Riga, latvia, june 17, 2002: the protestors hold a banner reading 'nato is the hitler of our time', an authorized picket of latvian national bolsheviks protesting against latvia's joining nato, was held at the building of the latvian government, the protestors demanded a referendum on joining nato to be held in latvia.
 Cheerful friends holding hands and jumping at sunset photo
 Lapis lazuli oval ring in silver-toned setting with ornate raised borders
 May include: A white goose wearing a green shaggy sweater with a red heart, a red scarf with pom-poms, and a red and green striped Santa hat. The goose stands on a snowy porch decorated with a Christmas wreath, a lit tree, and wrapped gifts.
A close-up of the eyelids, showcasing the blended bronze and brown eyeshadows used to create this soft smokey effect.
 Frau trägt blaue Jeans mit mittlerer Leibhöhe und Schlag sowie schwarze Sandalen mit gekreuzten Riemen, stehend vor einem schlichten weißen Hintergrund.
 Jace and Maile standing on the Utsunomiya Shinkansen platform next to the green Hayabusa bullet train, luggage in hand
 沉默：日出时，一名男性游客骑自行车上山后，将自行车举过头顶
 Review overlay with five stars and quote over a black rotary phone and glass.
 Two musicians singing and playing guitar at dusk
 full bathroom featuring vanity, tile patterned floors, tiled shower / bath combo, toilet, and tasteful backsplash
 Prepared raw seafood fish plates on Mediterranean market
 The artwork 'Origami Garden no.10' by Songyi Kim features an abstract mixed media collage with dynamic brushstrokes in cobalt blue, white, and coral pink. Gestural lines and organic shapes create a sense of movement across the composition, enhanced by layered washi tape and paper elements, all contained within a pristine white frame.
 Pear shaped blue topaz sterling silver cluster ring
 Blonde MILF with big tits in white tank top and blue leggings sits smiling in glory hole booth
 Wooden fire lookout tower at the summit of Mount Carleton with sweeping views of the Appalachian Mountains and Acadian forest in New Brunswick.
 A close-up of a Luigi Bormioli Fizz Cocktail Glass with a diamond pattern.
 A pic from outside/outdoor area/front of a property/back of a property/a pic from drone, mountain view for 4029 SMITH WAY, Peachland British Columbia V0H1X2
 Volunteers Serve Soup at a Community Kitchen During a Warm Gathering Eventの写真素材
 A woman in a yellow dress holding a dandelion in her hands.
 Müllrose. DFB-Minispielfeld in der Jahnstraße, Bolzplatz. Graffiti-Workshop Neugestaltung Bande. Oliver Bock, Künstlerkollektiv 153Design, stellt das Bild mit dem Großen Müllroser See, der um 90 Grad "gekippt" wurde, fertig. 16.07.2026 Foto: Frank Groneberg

== Task prompt ==
From the data above, output only the lines between the line containing "Prepared raw seafood" and the line containing "The artwork 'Origami", inclusive, exactly as written.

== Reply to the task ==
 Prepared raw seafood fish plates on Mediterranean market
 The artwork 'Origami Garden no.10' by Songyi Kim features an abstract mixed media collage with dynamic brushstrokes in cobalt blue, white, and coral pink. Gestural lines and organic shapes create a sense of movement across the composition, enhanced by layered washi tape and paper elements, all contained within a pristine white frame.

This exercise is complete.